Why Payday Loans Have Become a Great Lifesaver to Get Through to Your Next Payday

When I was younger I used to quite enjoy the challenge of scraping through from payday to payday, that last week when you had one tin of beans left and a bag of rice and knew you were going to be hungry for most of it. It was an achievement to get to the end of the month without having actually broken my huge overdraft limit, still in insane amounts of debt but at least not actually getting threats from my bank.

To me, being more than two grand overdrawn as a permanent thing wasn’t a problem. When I got paid and went to only being one and a half grand overdrawn I didn’t see the red figures, just the “available to spend” figure – a shiny fresh one thousand pounds, courtesy of my low paid thankless job. And I lived like that for years.

In my day of course there was no such thing as an open door loan. If there had been, there would have been times I could have used one to great effect – those months in which the two ends of my accounting didn’t quite meet as I expected them to because my car broke down or someone died and I had to pay for petrol to get to a funeral.

In situations like this (whatever the actual state of your bank account) the open door loan can help you get hold of the small amount of shortfall you need before your next pay check comes in. I say small advisedly – because that’s exactly what the payday loan is designed to do, cover a very small discrepancy between what you have and what you need, which you will repay with interest when your pay check clears.

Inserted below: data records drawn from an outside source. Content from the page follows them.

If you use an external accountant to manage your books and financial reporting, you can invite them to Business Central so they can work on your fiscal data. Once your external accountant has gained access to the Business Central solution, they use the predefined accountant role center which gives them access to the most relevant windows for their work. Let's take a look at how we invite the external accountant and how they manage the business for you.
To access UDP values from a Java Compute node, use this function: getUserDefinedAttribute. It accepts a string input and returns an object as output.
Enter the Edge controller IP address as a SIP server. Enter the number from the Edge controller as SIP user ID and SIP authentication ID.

Think about it this way. The pay day loan is like the bit of your tight budget you would already have set aside for the emergency, if you knew in advance the emergency would be taking place. And when no one else will lend you the money, extend your overdraft for example, to cover it now the emergency has happened, you need to get the cash from somewhere. So you borrow it from a short term loan provider and pay it back as soon as your pay check comes in, plus the interest it has accrued.

The pay day loan is designed to fill a very short gap indeed, with a very small amount of money. This can be a good option when you have an unexpected and unavoidable expense very close to payday. But be aware, when you talk about the open door loan you also have to think in its terms – short payment periods and long interest rates – before you really understand whether it’s right for you or not.

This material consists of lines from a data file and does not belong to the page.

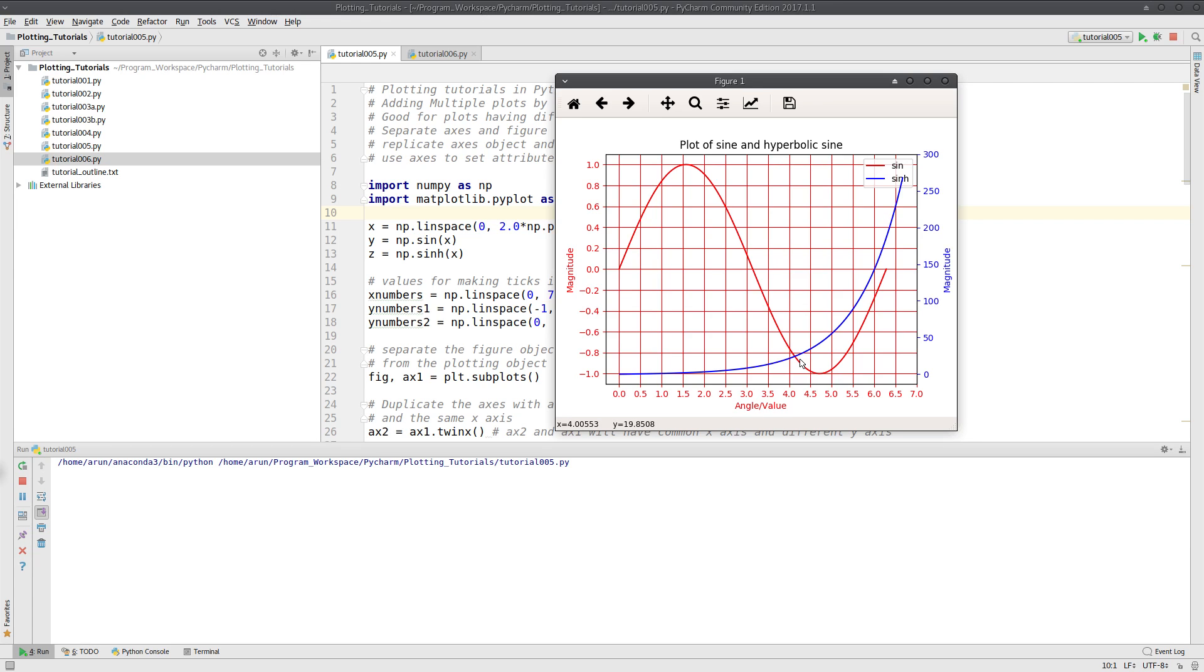Now what we are going to do is the symmetrically opposite example wherein we have figures for which the y-axis is the same but they have different x-axes. Although this kind of plot is not that common, it can occur once in a while.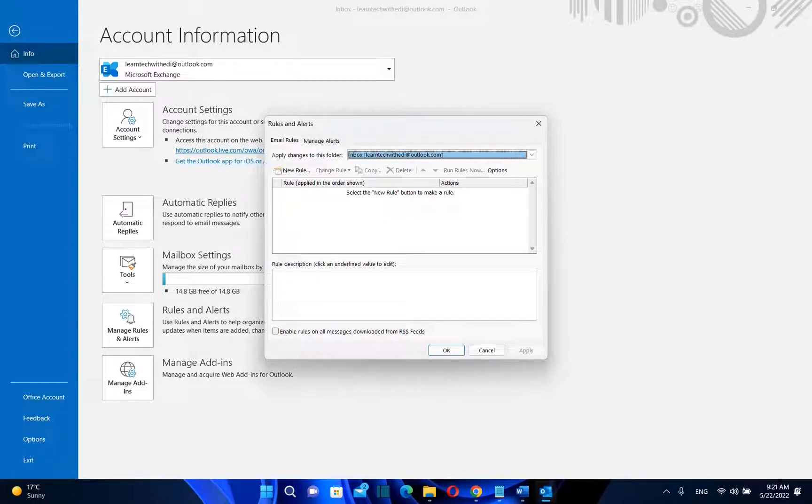Hello everyone and welcome to LearnTech. In this video I'll show you guys how to delay by a certain time all the emails that you send on Outlook.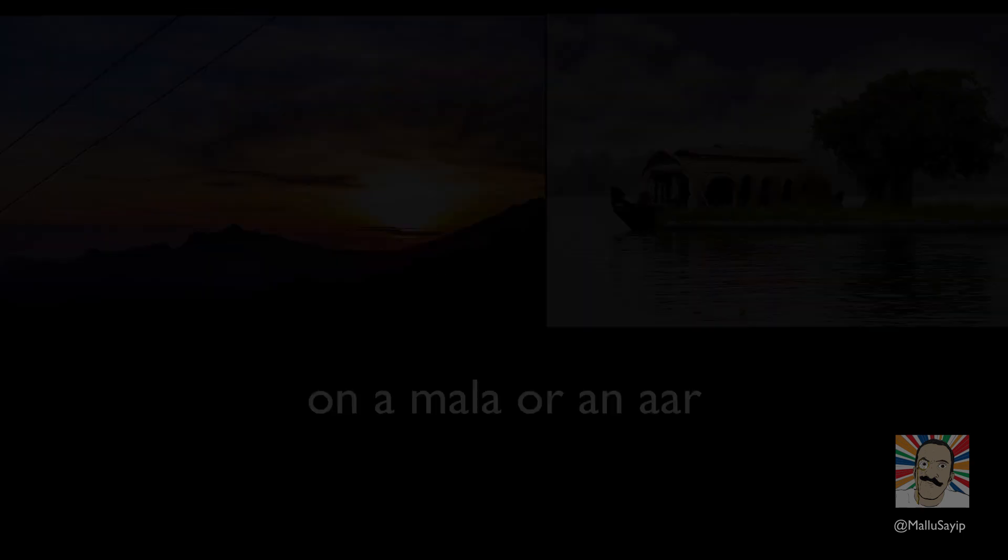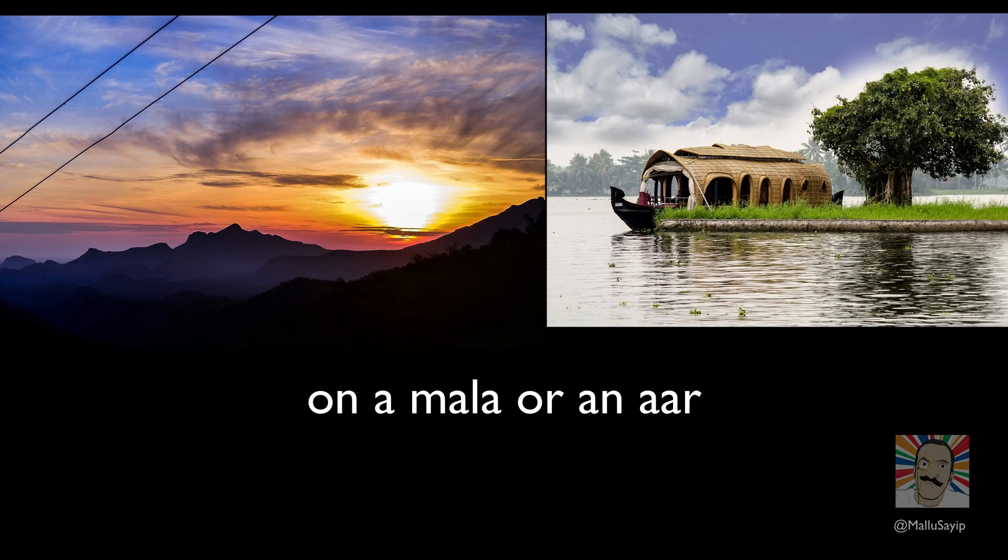To remember who we are, even if you are living very far. Onam Malayalees are wherever we are.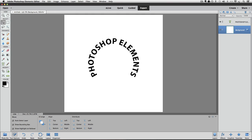So that ends this lesson on how to put text on a circular path with Photoshop Elements. Until next time, this is Rick from EssentialPhotoshopElements.com saying take care.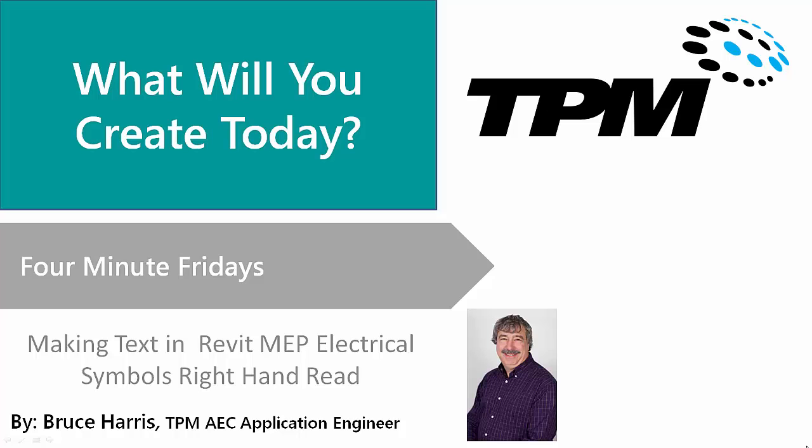Welcome to TPM's 4-Minute Fridays. My name is Bruce Harris. I'm the Senior Application Engineer, and today's topic is going to be making text in Revit MEP electrical symbols right-hand read. So with that said, let's go ahead and switch over to Revit.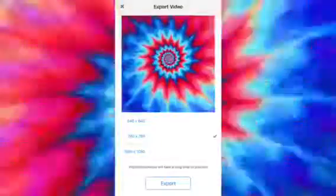Click the export box, click 'Export,' save the video, and then you can post it to your Musical.ly account.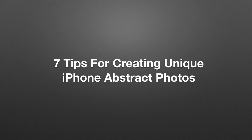Hi, my name is Mark Hemmings and in this video you'll discover seven tips for creating unique abstract photos.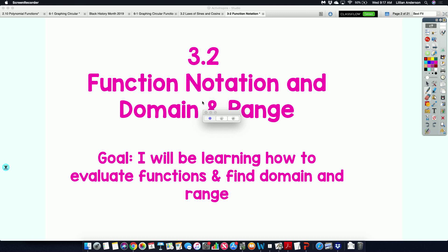Function notation and domain and range are what we're going to be talking about today. You guys are going to not so much learn because you've done function notation and domain and range at least twice in Algebra 1, Algebra 2, and if you're taking pre-cal, you definitely did it there as well. You're going to be evaluating functions and finding the domains and ranges of different types of functions. We're also going to be talking about some other general things that aren't necessarily covered in the foldable because this is a concept you've done multiple times.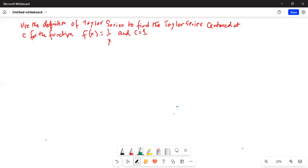Good day, everybody. Today we are going to talk about Taylor series, so I'll share my screen with you. Use the definition of Taylor series to find the Taylor series centered at C for the function f of x equals 1 over x, and C is equal to 1.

On average the loan commands an interest charge of £30 in every £100 – provided the full amount is paid back within that first loan cycle. The loan cycle being defined as the length of time it takes for your pay check to clear. To cover the loan, its interest and all the rest of the expenses for the next month, budget for borrowing an amount you would normally be able to spare from a fresh pay check anyway – in other words the money you would have set aside for that emergency had you known it was going to come along.

By borrowing money in this short term fashion you can (for example) avoid unauthorised overdraft fees or the simple embarrassment of nbot being able to go where it is you need to be. Try to budget your perceived needs sensibly against your future financial situation though. Borrowing too much money from a short term lender (too much is anything you cannot comfortably pay back, with some nifty budgeting, in the next pay period) defuses the convenience of the loan and effectively puts you in a position where you are trying to do something with a product unsuited to the purpose you have in mind.